The bridge drops you at the south end of Valentia, with the road looping north past the island’s headline sights. If you only have time for one, make it Geokaun for the view.

  • Geokaun Mountain and cliffs – A short, steep drive (small entry fee at the gate) to the island’s highest point, with views over the Atlantic, the Dingle Peninsula and the Skelligs. It’s the most accessible high cliff viewpoint on the island; you can drive most of the way or walk the path up.
  • Valentia slate quarry – Guided tours of a cavern hewn out for slate that roofed, among other buildings, the Palace of Westminster and the Paris Opera House. A Marian grotto now sits in one of the old worked-out chambers.
  • Trans-Atlantic Cable station – Near the north of the island, this is where the first lasting transatlantic telegraph cable came ashore in 1866, briefly making a remote Kerry headland one of the most connected places on earth.
  • Tetrapod trackway – On the north coast, a set of footprints pressed into rock around 385 million years ago by one of the first vertebrates to walk on land – among the oldest such trackways known anywhere, and free to visit.

Skellig boat tours

Portmagee, on the mainland side of the bridge, is the main departure point for boat trips to Skellig Michael, the monastic island made famous well beyond Ireland by Star Wars.
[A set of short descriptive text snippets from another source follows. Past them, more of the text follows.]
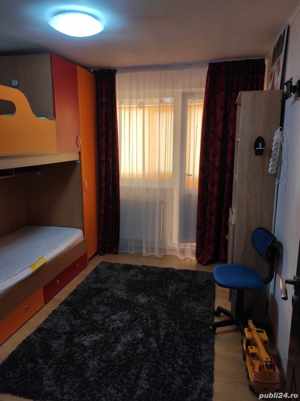 apartament 2 camere mobilat si utilat - imagine 3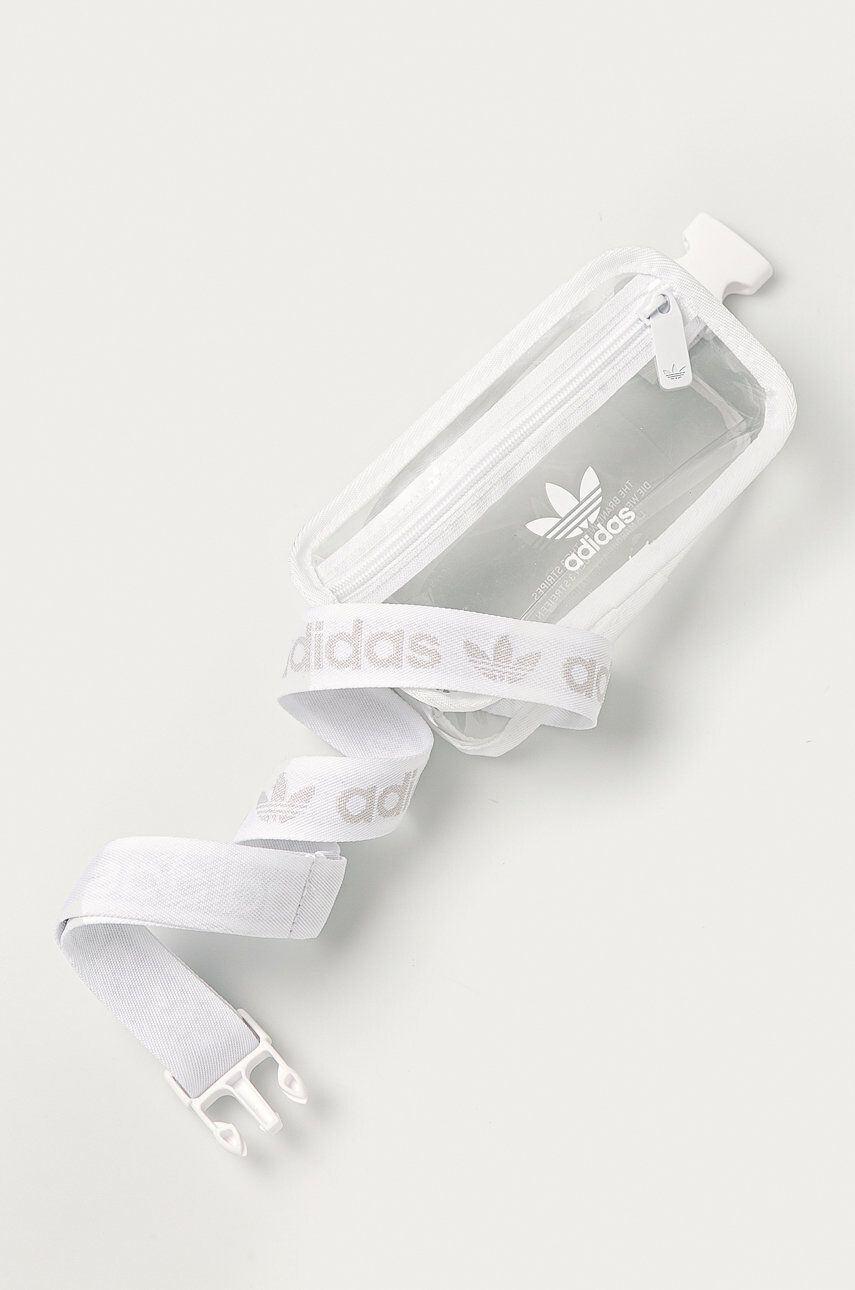 adidas Originals övtáska fekete - Pepit.hu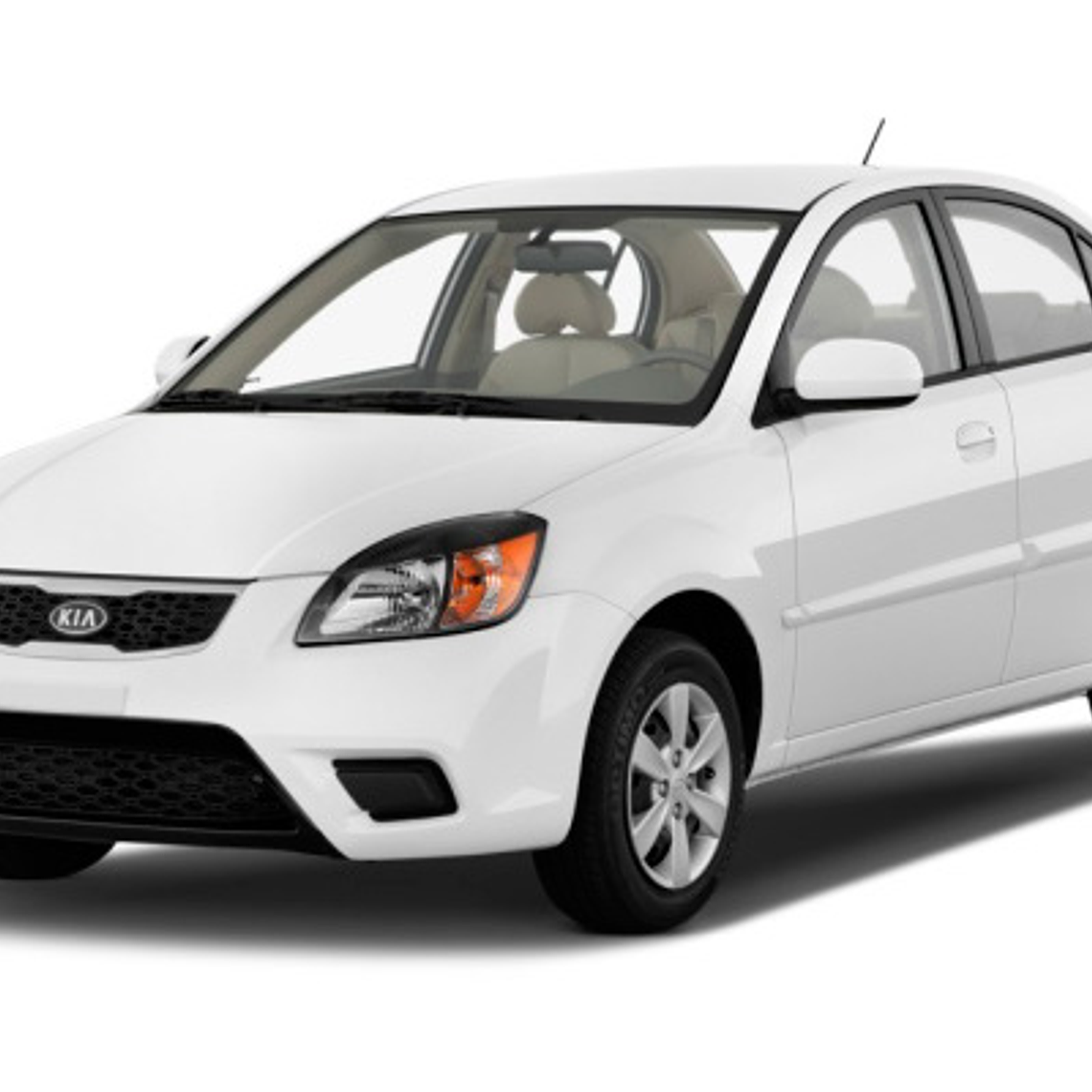 Diagramas Electricos - Kia Rio ( 2010 ) 1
Landings depend entirely on the swell and wind, sell out far ahead, and are cancelled often – book early and treat any trip as weather-permitting.

Walking and cycling

Valentia is small enough to take on foot or by bike. The path up Geokaun is a steadier alternative to the summit road, and the quiet lanes north toward Knightstown give plenty of pull-offs down to small beaches and tidal pools. There’s no waymarked long-distance trail starting at the bridge itself, but the island roads are wide and well surfaced, and suit casual cyclists who’d rather stay on tarmac. Check the tide before you drop onto any low coastal path – the Atlantic comes in fast here.

Practical Information

ItemDetails
Opening hoursOpen 24 hours – the bridge is a public road and does not close for visitors.
AdmissionFree to cross. (Separate attractions such as Geokaun Mountain charge entry fees.)
ParkingA small layby near the Portmagee end takes a few cars for photos; for longer stops use the village pier car park or the island’s own car parks.
AccessibilityThe bridge carries vehicles and pedestrians on a level, paved deck, but the climb to Geokaun and most coastal paths are not wheelchair accessible.

Getting there

The bridge is reached on the R565 through Portmagee. From Cahersiveen, follow the N70 and turn onto the R565 for Portmagee; the bridge is just past the village. From Killarney it’s roughly 75 to 90 minutes via Killorglin and Cahersiveen. There’s no longer a car ferry at Portmagee – the bridge replaced it – but remember the seasonal Knightstown–Reenard ferry if you’re approaching the island from the Cahersiveen side in summer.

Nearby

Portmagee has a few pubs, cafés and a shop, and is the sensible place to fuel up and stock up before crossing. The Skellig Ring and the Kerry Cliffs are minutes away on the mainland side. Cross early to beat the midday tour buses, and give yourself a full day on the island – between the quarry, the cable station and Geokaun, it fills one comfortably.